「使徒たちが、『わたしどもの信仰を増してください』と言ったとき、主は言われた。『もしあなたがたにからし種一粒ほどの信仰があれば、この桑の木に、「抜け出して海に根を下ろせ」と言っても、言うことを聞くであろう。』」ルカ17,5-6
自分たちの信仰が小さすぎると思った使徒たちは、イエスにそれを増してくださるように頼みました。その依頼に応えてイエスが言われたのは、彼らの信仰の本当の問題というのは、その大きさではなく、その質、つまりそのあり方であるということでした。

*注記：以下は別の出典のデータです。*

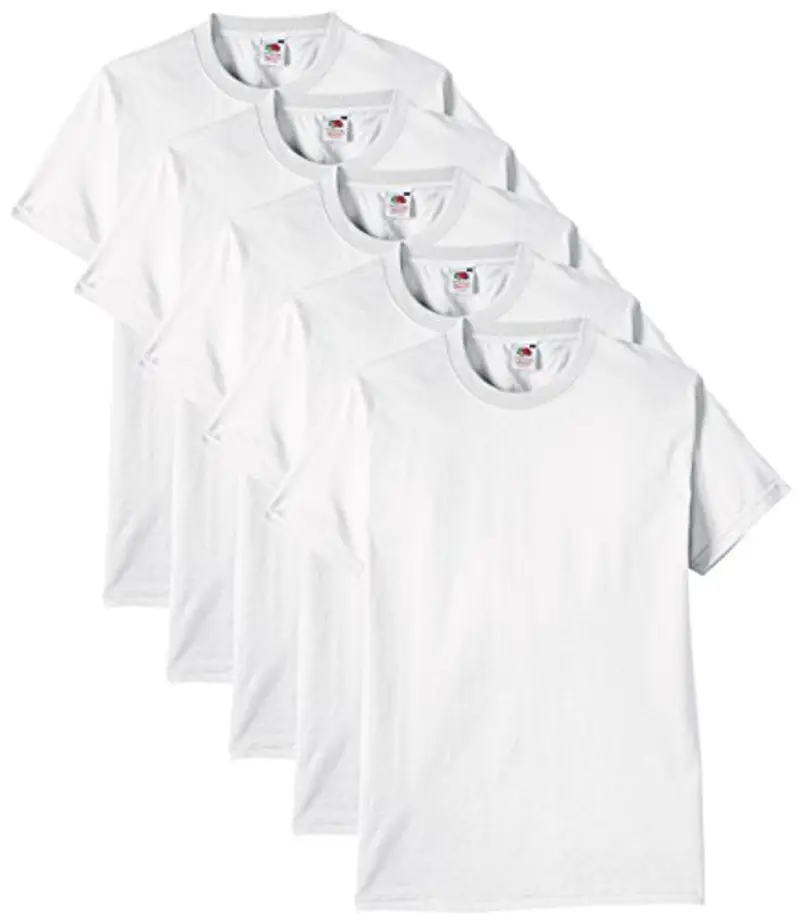 Fruit of the Loom 61-212 Heavy Cotton Tee Maglietta da Uomo, pacco da 5 pezzi, Bianco (Weiß)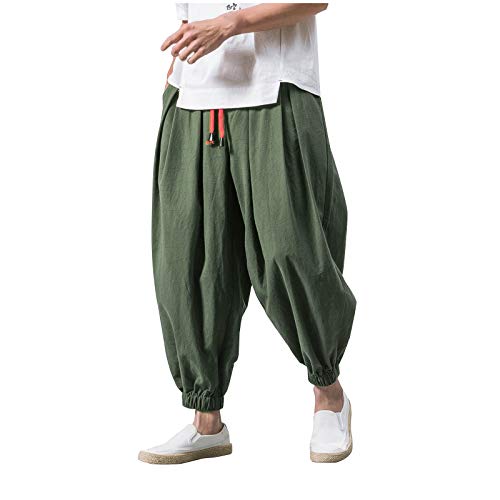 BOTCAM Bloomers Herren Japanische Volltonfarbe Einfach Haremshose Baggy Freizeithose Männer Pumphose Aladinhose Pluderhose Yoga Goa Sarouel Hosen Sporthose Comfort Atmungsaktiv Sommerhose von BOTCAM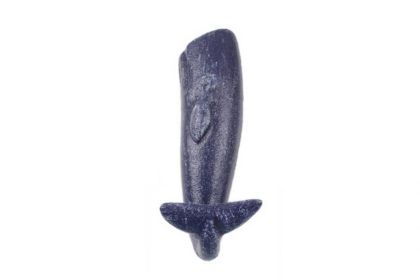 Rustic Dark Blue Cast Iron Whale Hook 6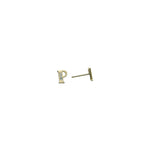 14k Yellow Gold CZ Initial P Stud Earrings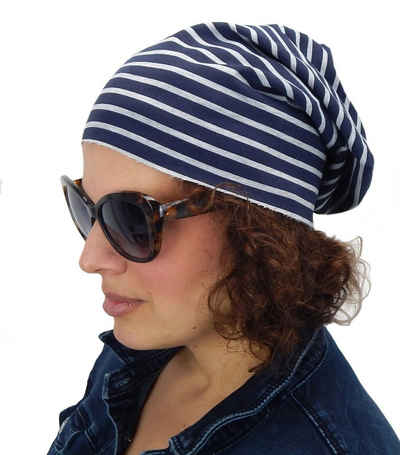 Ella Jonte Beanie Long Beanie maritim blau grau Streifen Baumwolle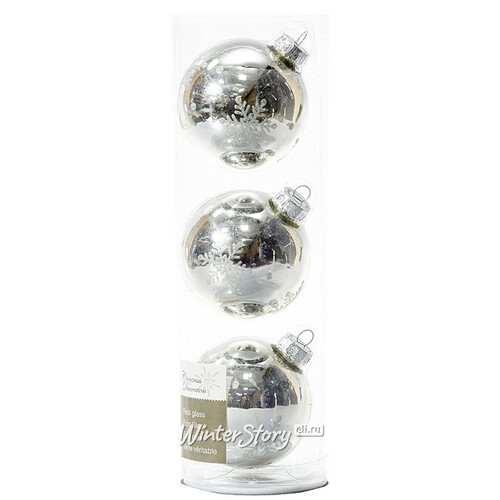 Набор стеклянных елочных шаров Совершенство 7 см серебряный, 3 шт Kaemingk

その12人の使徒は、自分たちの家とか仕事とか、つまり今までの生き方を捨てて、イエスの呼びかけに応えて従ったほどに強い信仰を持っていました。けれども、彼らが信じたのは、メシアとしてイエスがいつか必ず王になるということと、イエスに従えば、その権力や富や名誉に自分たちもまたあずかることができるということでした。彼らにとって、イエスを信じてイエスに従うというのは、自分たちの野心や欲望を満たすための手段であったわけです。
正しい信仰のあり方を説明するために、イエスは謙遜な僕について、たとえを語りました。真の信仰を持っている弟子は、このたとえの僕が主人に仕えたように、キリストに仕えます。それは、キリストが私たちの奉仕を必要としているからとか、私たちを奴隷にしたいからとかではありません。キリストに仕えることによって、人は自分の能力や時間だけではなく、自分自身をキリストに奉献するのです。
実は、キリストにとって私たちは僕ではなく、友なのです(ヨハ15,15)。そして、イエスは私たちの奉仕を受けるだけではなく、自ら私たちに仕えてもくださるのです(ルカ12,37)。それは、ご自分の命を与えてくださったほど献身的な奉仕だったのです。
そのような相互の奉仕の目的というのは、より楽な生活を互いに送るような利益ではなく、永遠につづく相互の一致なのです。私たちはキリストの奉献を受け入れ、自分自身をキリストに完全にささげたら、イエスと一つになるのです。そしてイエスと一致することによって、父である神の命にあずかり、神の愛に生きるようになるのです。それこそが、真の信仰の最終的な目的であるのです。